● Your task: Restate all entries word for word, minus pictures.
****************************************
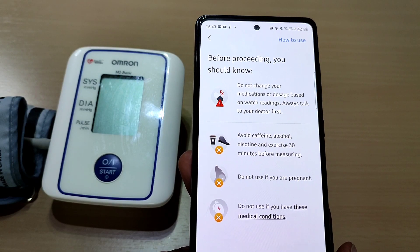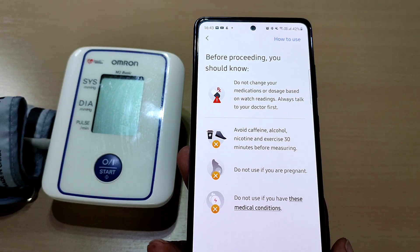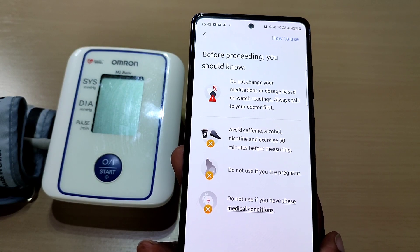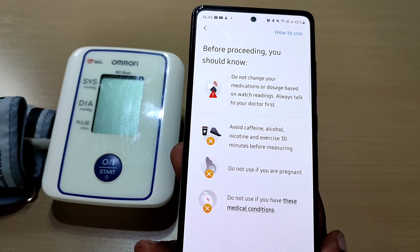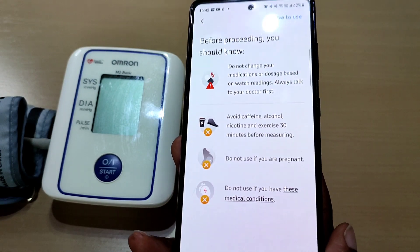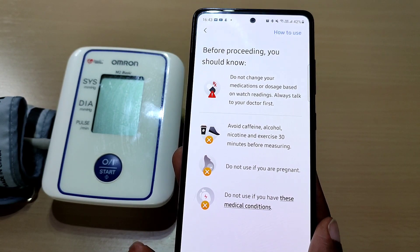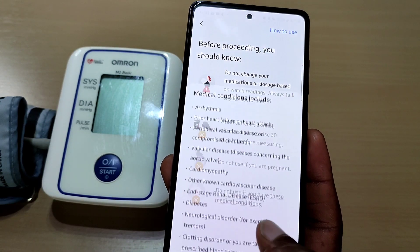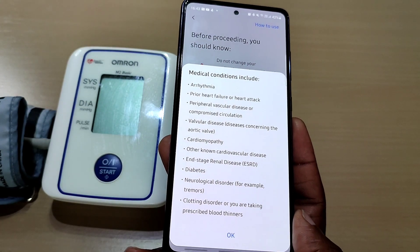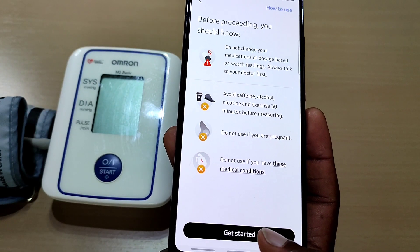Before proceeding, there are a couple of important notes: do not change your medication or dosage based on your watch readings — always talk to your doctor first. Avoid caffeine, alcohol, nicotine, and exercise 30 minutes before measuring as that could affect the reading. Do not use if you're pregnant or have certain medical conditions listed here.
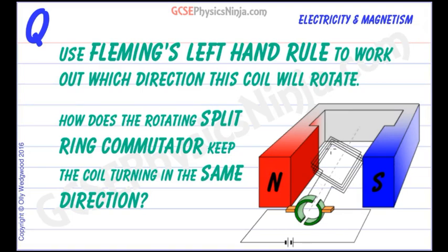In order to make this coil turn around and keep turning, we need to use a little device called a split ring commutator. We'll look at that in just a moment to see how it keeps the coil turning in the same direction. But first, let's take a look at Fleming's left hand rule to work out which direction this coil will rotate in this particular example.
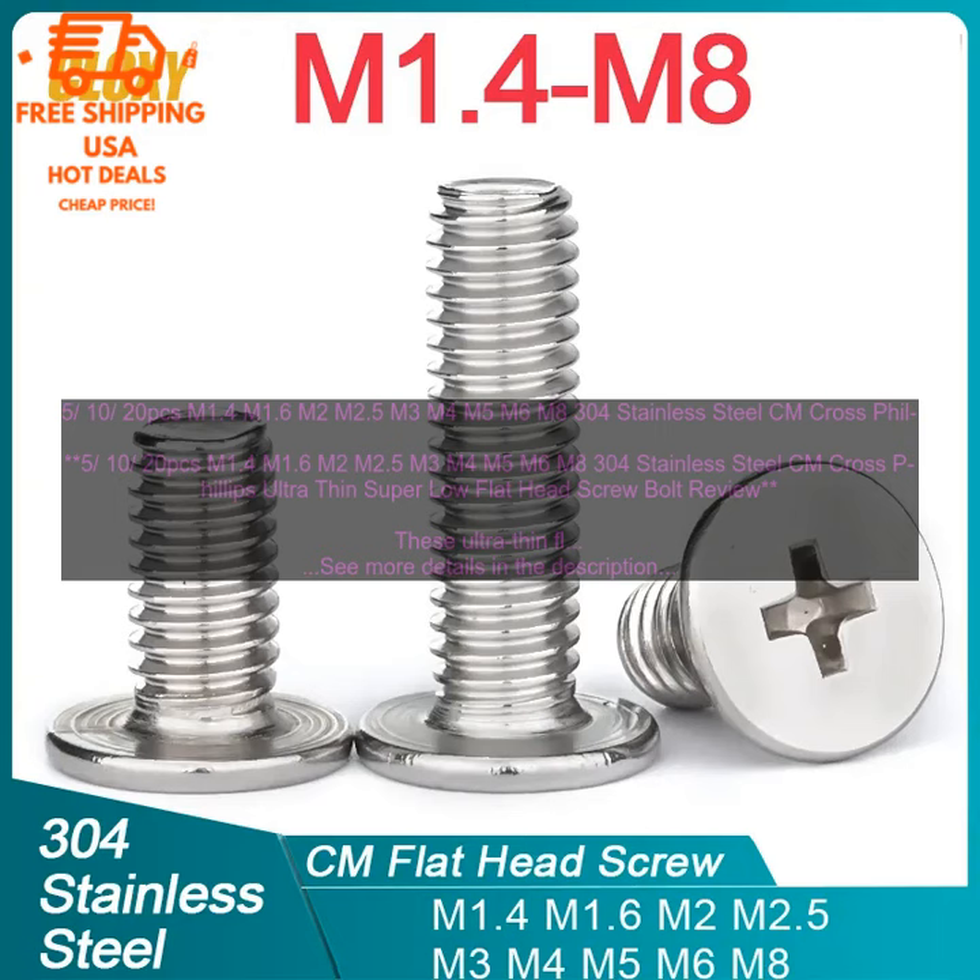They are perfect for use in applications where a low profile screw is needed, such as in furniture, cabinetry, and other woodworking projects. The Cross Phillips Head makes them easy to drive with a Phillips screwdriver, and the Ultra Thin Head allows them to be flush with the surface of the material being fastened.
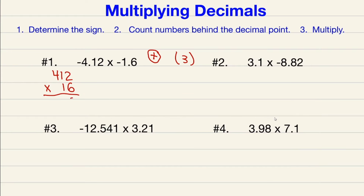2 times 6 is 12, carry the 1. 6 times 1 is 6 plus 1 is 7, and 6 times 4 is 24. Move down to the next line and add a zero. 1 times 2 is 2, 1 times 1 is 1, 1 times 4 is 4. Now adding: 2 plus 0 is 2, 7 plus 2 is 9, 4 plus 1 is 5, 2 plus 4 is 6. The 3 in parentheses tells us three numbers behind the decimal point — so the decimal goes in front of those three numbers, giving us 6.592.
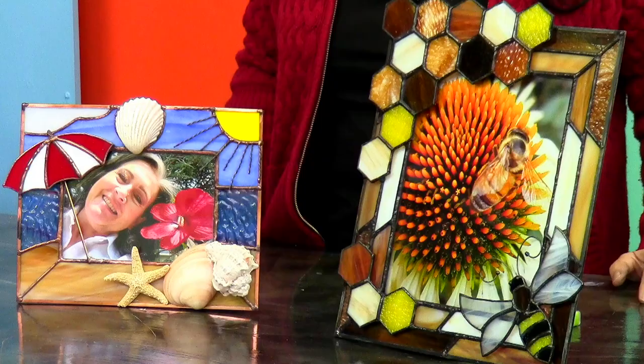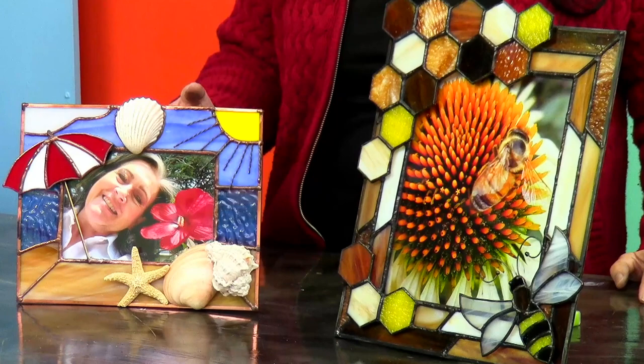Hi, I'm Cheryl Peterson. Do you have picture frames sitting around your house that you have no use for, but you don't want to throw them away? Join me and Curious Mondo for this stained glass picture frame class, where we will take regular old picture frames and turn them into beautiful works of art.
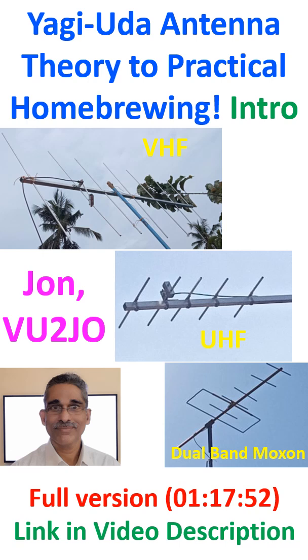Yagi-Uda antenna is often called just a Yagi antenna. It was invented in 1926 and consisted of a driven element, a reflector behind the driven element, and directors in front of the driven element.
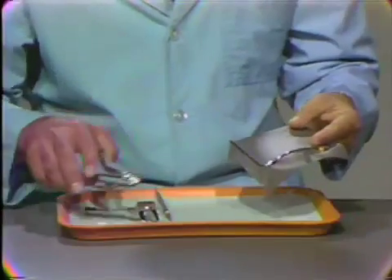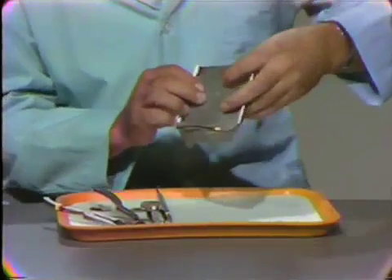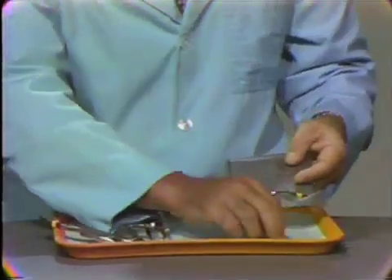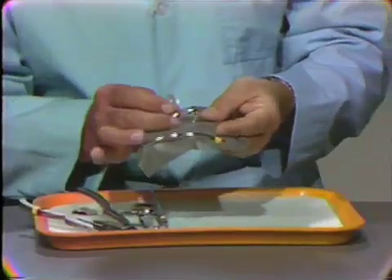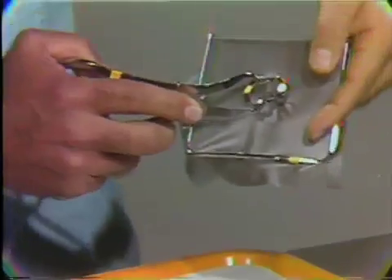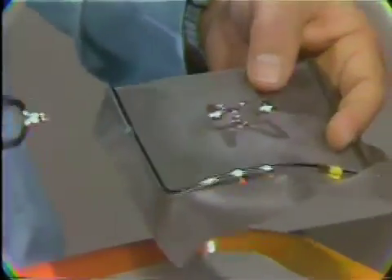There are different ways of placing the rubber dam on the tooth. One is to transport the dam to the patient and slip the hole over the tooth to be isolated. The other method is to take the clamp, place the wings of the clamp on the rubber dam, place the rubber dam clamp forceps on the clamp, and transport this mechanism to the tooth to be isolated. We will now move to the patient and demonstrate the placement of the rubber dam.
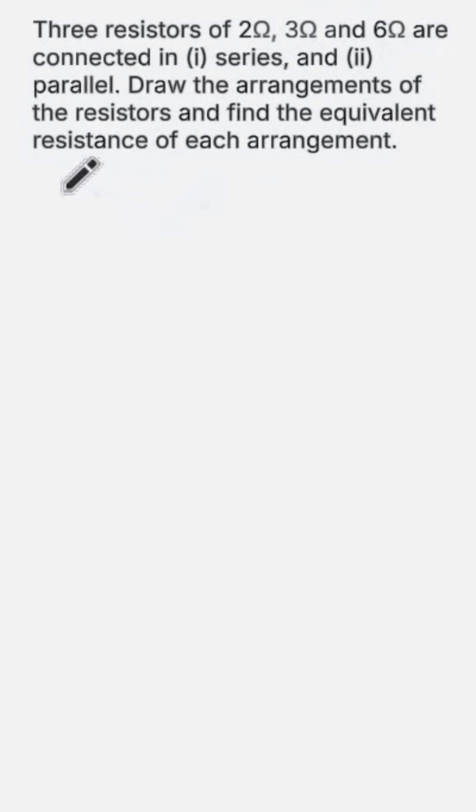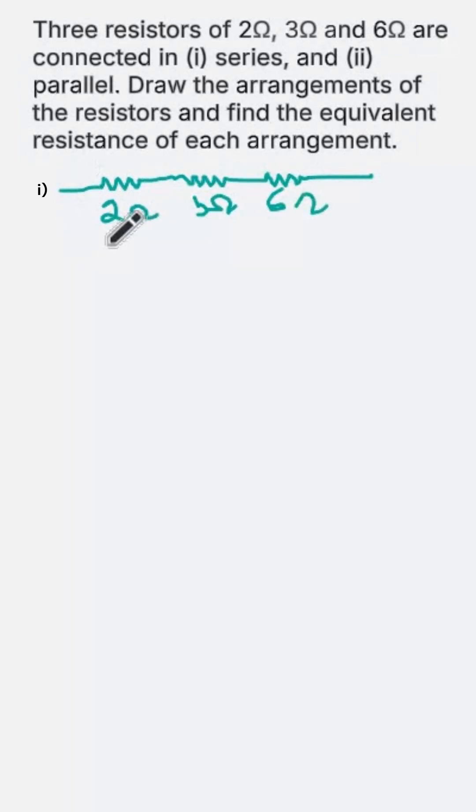First, let us connect them in series. This is the first resistor, this is the second one, and this is the third one — 2 ohm, 3 ohm, and 6 ohm. These are connected in series across a circuit. This is the diagram for the series circuit.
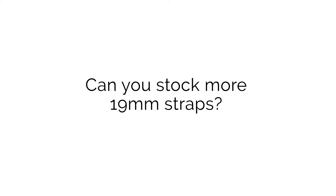The first question comes from Hayden Fleetwood from Instagram who asks: can you stock more 19mm straps? Good question Hayden. We have been working on some 19mm straps recently with the additions of the Oxford, Simple Handmade and a few of our NATOs to the 19mm range. We're always looking to add more odd-sized straps to the range, so if you've got any suggestions for straps you'd like to see, let us know in the comments below.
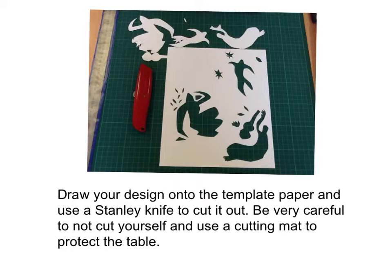Draw your design onto the template paper and use a Stanley knife to cut it out. Be very careful not to cut yourself and use a cutting mat to protect the table.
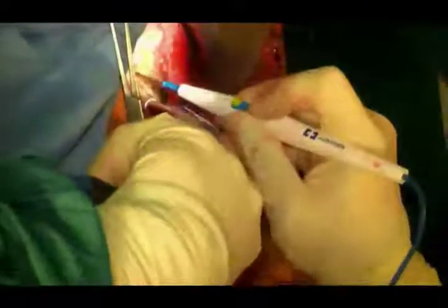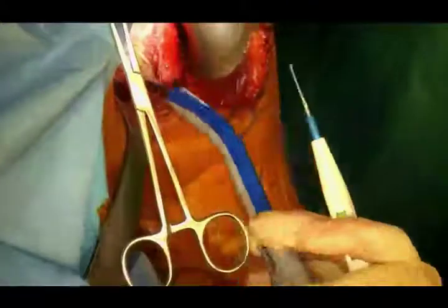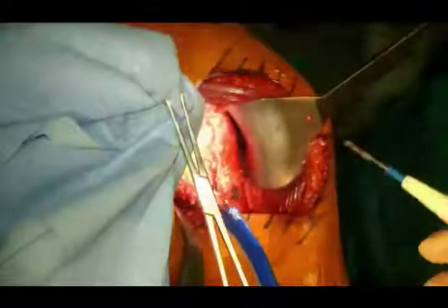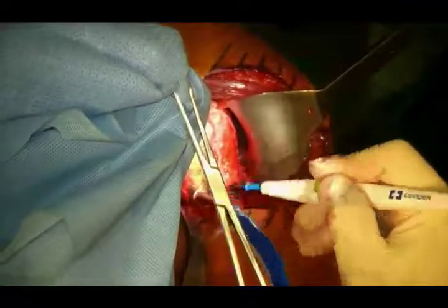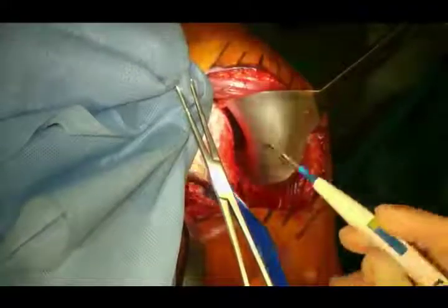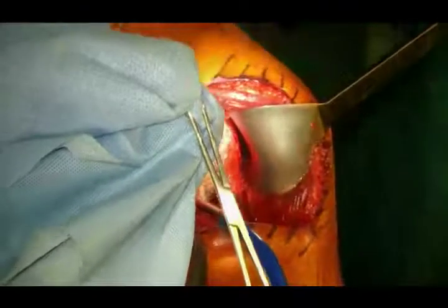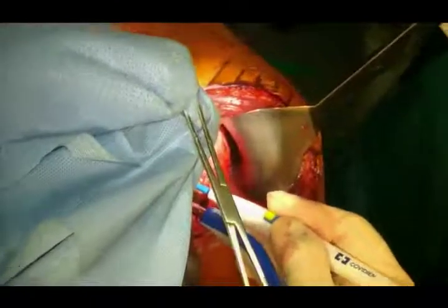I often use a suction device as a retractor — this is the In-Viewity, which is not just a suction device but also a light source. I have a headlamp on, but this gives me extra light. I'm a little paranoid about touching light handles above me — I think the less you touch them, the fewer contaminants you introduce.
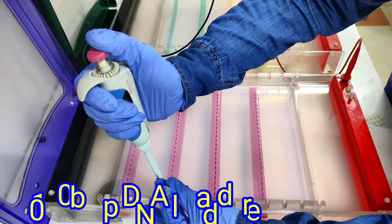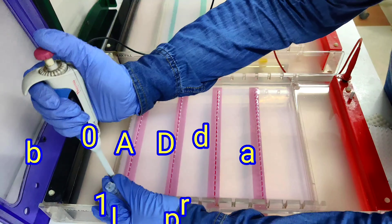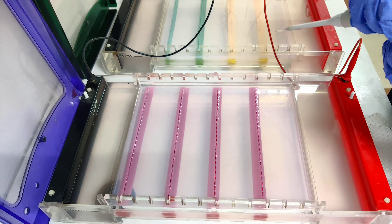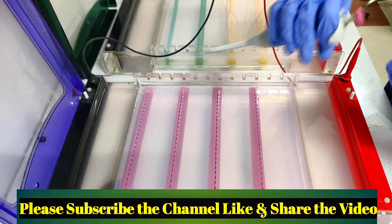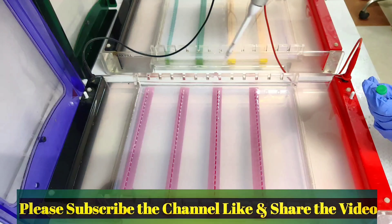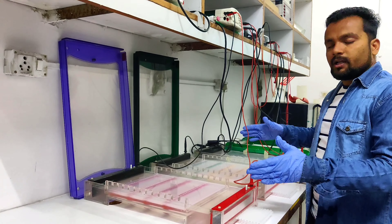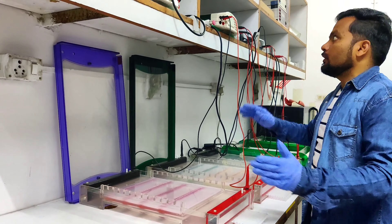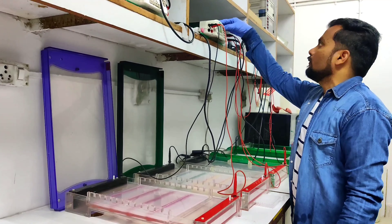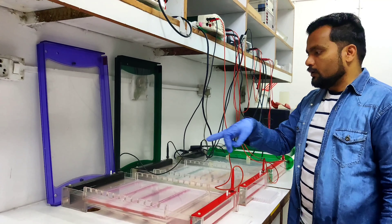The lower band is 100 base pair in this ladder and the upper one is 1 kb. For the first loading we have to load the ladder on the left side, and for the second loading we have to load the ladder on the right side. We loaded the two PCR products in these two gel units. Now I simply set it to 150 volts and run it.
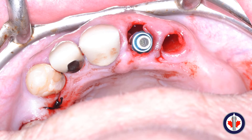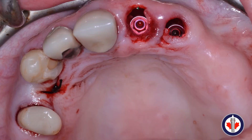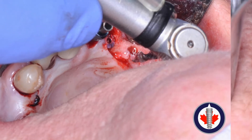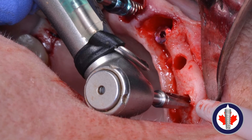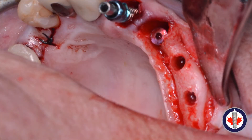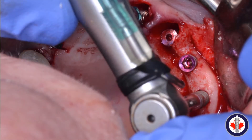We've taken an impression coping and placed it into the primary implant to use as a guide for angulation, so that when placing the other implants we can keep them somewhat parallel. This allows us to take advantage of the internal hexes for the implant-retained bridge without needing multi-unit abutments. The second implant is placed. For implants three and four, a flap is made to expose the bone. These are MIS-7 implants using two simple drills plus a final drill. The osteotomies are completed and the implants are torqued into position at the appropriate bone level.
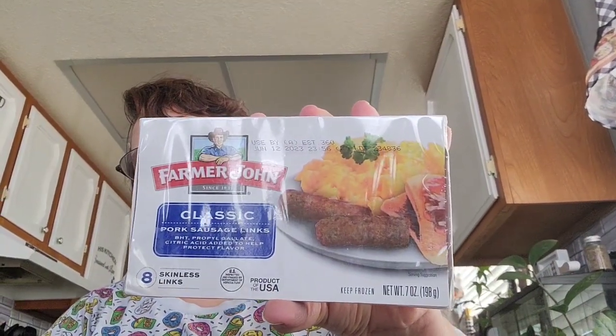I picked up the Farmer John Classic Pork Sausage Links. I also picked up the Snaps Appetizers — the Loaded Potato Sticks. It's described as real baked potato with cheddar cheese, sour cream flavored with bacon in a crispy golden coating, so I went ahead and got that to try.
****************************************
● Reply:
Before proceeding, there are a couple of important notes: do not change your medication or dosage based on your watch readings — always talk to your doctor first. Avoid caffeine, alcohol, nicotine, and exercise 30 minutes before measuring as that could affect the reading. Do not use if you're pregnant or have certain medical conditions listed here.
In order to make this coil turn around and keep turning, we need to use a little device called a split ring commutator. We'll look at that in just a moment to see how it keeps the coil turning in the same direction. But first, let's take a look at Fleming's left hand rule to work out which direction this coil will rotate in this particular example.
They are perfect for use in applications where a low profile screw is needed, such as in furniture, cabinetry, and other woodworking projects. The Cross Phillips Head makes them easy to drive with a Phillips screwdriver, and the Ultra Thin Head allows them to be flush with the surface of the material being fastened.
2 times 6 is 12, carry the 1. 6 times 1 is 6 plus 1 is 7, and 6 times 4 is 24. Move down to the next line and add a zero. 1 times 2 is 2, 1 times 1 is 1, 1 times 4 is 4. Now adding: 2 plus 0 is 2, 7 plus 2 is 9, 4 plus 1 is 5, 2 plus 4 is 6. The 3 in parentheses tells us three numbers behind the decimal point — so the decimal goes in front of those three numbers, giving us 6.592.
Hi, I'm Cheryl Peterson. Do you have picture frames sitting around your house that you have no use for, but you don't want to throw them away? Join me and Curious Mondo for this stained glass picture frame class, where we will take regular old picture frames and turn them into beautiful works of art.
Yagi-Uda antenna is often called just a Yagi antenna. It was invented in 1926 and consisted of a driven element, a reflector behind the driven element, and directors in front of the driven element.
There are different ways of placing the rubber dam on the tooth. One is to transport the dam to the patient and slip the hole over the tooth to be isolated. The other method is to take the clamp, place the wings of the clamp on the rubber dam, place the rubber dam clamp forceps on the clamp, and transport this mechanism to the tooth to be isolated. We will now move to the patient and demonstrate the placement of the rubber dam.
First, let us connect them in series. This is the first resistor, this is the second one, and this is the third one — 2 ohm, 3 ohm, and 6 ohm. These are connected in series across a circuit. This is the diagram for the series circuit.
The first question comes from Hayden Fleetwood from Instagram who asks: can you stock more 19mm straps? Good question Hayden. We have been working on some 19mm straps recently with the additions of the Oxford, Simple Handmade and a few of our NATOs to the 19mm range. We're always looking to add more odd-sized straps to the range, so if you've got any suggestions for straps you'd like to see, let us know in the comments below.
Draw your design onto the template paper and use a Stanley knife to cut it out. Be very careful not to cut yourself and use a cutting mat to protect the table.
I often use a suction device as a retractor — this is the In-Viewity, which is not just a suction device but also a light source. I have a headlamp on, but this gives me extra light. I'm a little paranoid about touching light handles above me — I think the less you touch them, the fewer contaminants you introduce.
The lower band is 100 base pair in this ladder and the upper one is 1 kb. For the first loading we have to load the ladder on the left side, and for the second loading we have to load the ladder on the right side. We loaded the two PCR products in these two gel units. Now I simply set it to 150 volts and run it.
We've taken an impression coping and placed it into the primary implant to use as a guide for angulation, so that when placing the other implants we can keep them somewhat parallel. This allows us to take advantage of the internal hexes for the implant-retained bridge without needing multi-unit abutments. The second implant is placed. For implants three and four, a flap is made to expose the bone. These are MIS-7 implants using two simple drills plus a final drill. The osteotomies are completed and the implants are torqued into position at the appropriate bone level.
I picked up the Farmer John Classic Pork Sausage Links. I also picked up the Snaps Appetizers — the Loaded Potato Sticks. It's described as real baked potato with cheddar cheese, sour cream flavored with bacon in a crispy golden coating, so I went ahead and got that to try.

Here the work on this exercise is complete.